Essa impressão é reforçada, quando ele se refere ao caráter dúplice do Acontecimento, contando nele, mais uma vez, a guerra e a democracia:

[...] o Acontecimento é aquele que prossegue por hendíadis: uma presença invisível, como é o caso da guerra; uma presença efetiva, como é o caso da democracia; em ambos os casos, trata-se de tendências de um movimento atualizadas em virtude das condições dadas e que podem afetar a uma comunidade.

 

No entanto, se estamos compreendendo o Acontecimento como uma dinâmica duracional e, portanto, criadora da “imprevisível novidade”, não haveria um problema em considerar o estado latente ou emergente da guerra também como Acontecimento?
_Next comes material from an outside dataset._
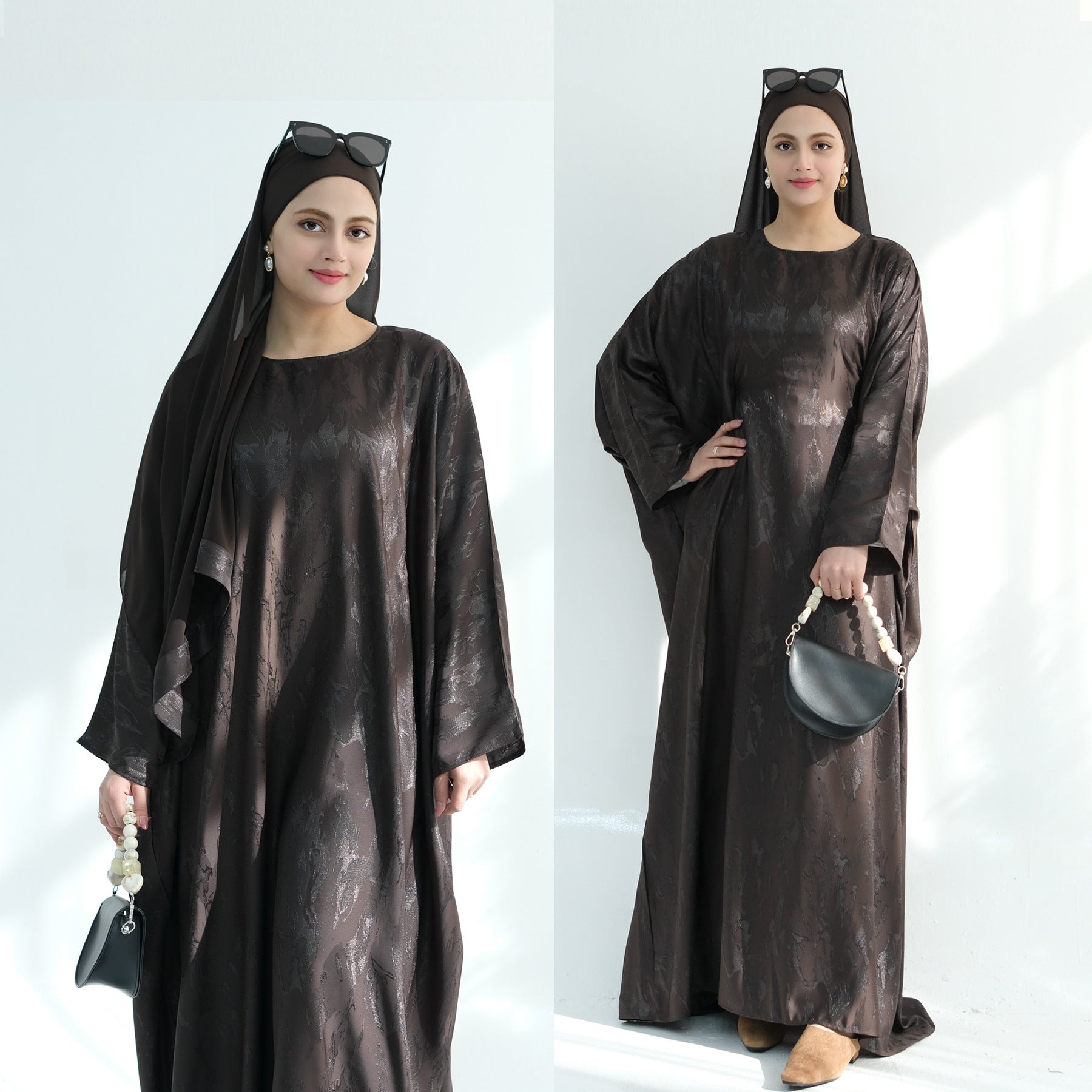 LRDB002  Fashionable printed plus size dress + hijab 2-piece set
De fato, o problema parece se colocar, se levarmos em conta que o estado de guerra é concebido por Bergson como um estado “natural” da humanidade “inteligente” e “fabricadora”, a qual se fecha em grupos sociais, para garantir os recursos necessários à eficácia técnica responsável por sua sobrevivência ou, ainda, se considerarmos que a inteligência é pensada por Bergson como uma forma de consciência coextensiva à matéria, cuja gênese se daria, juntamente com a da matéria, no mesmo sentido regressivo desta e, por conseguinte, oposto ao sentido do movimento criador do princípio cósmico-metafísico proposto no 3o capítulo de E. C. Ou seja, não haveria um problema em tomar o fechado e o regressivo como Acontecimento?

Em resumo, seria o estado de guerra, enquanto Acontecimento, um certo desenvolvimento da política e, nesse sentido, um “contrário complementar” à democracia, expressão algumas vezes utilizada por Bergson, e que implica uma realidade positiva que se opõe a outra realidade positiva da qual foi “separada” pela própria evolução de uma realidade ainda mais original da qual ambas decorreriam? Ou seria a guerra a própria estagnação da política, seu retrocesso ou, se quisermos, um contrário que é pura negatividade, pura ausência de Acontecimento? No que nos interessa aqui, seria a guerra, no âmbito de uma filosofia da duração, variação constitutiva do movimento da política ou seria a guerra interrupção e regressão da política?

 

Referências

BERGSON, H. Les deux sources de la morale et de la religion. Paris: PUF, 2008.

RUIZ STULL, M. Bergson y el acontecimiento: el caso de la democracia. Trans/form/ação: revista de Filosofia da Unesp, v. 45, n. 1, p. 157 – 174, 2022.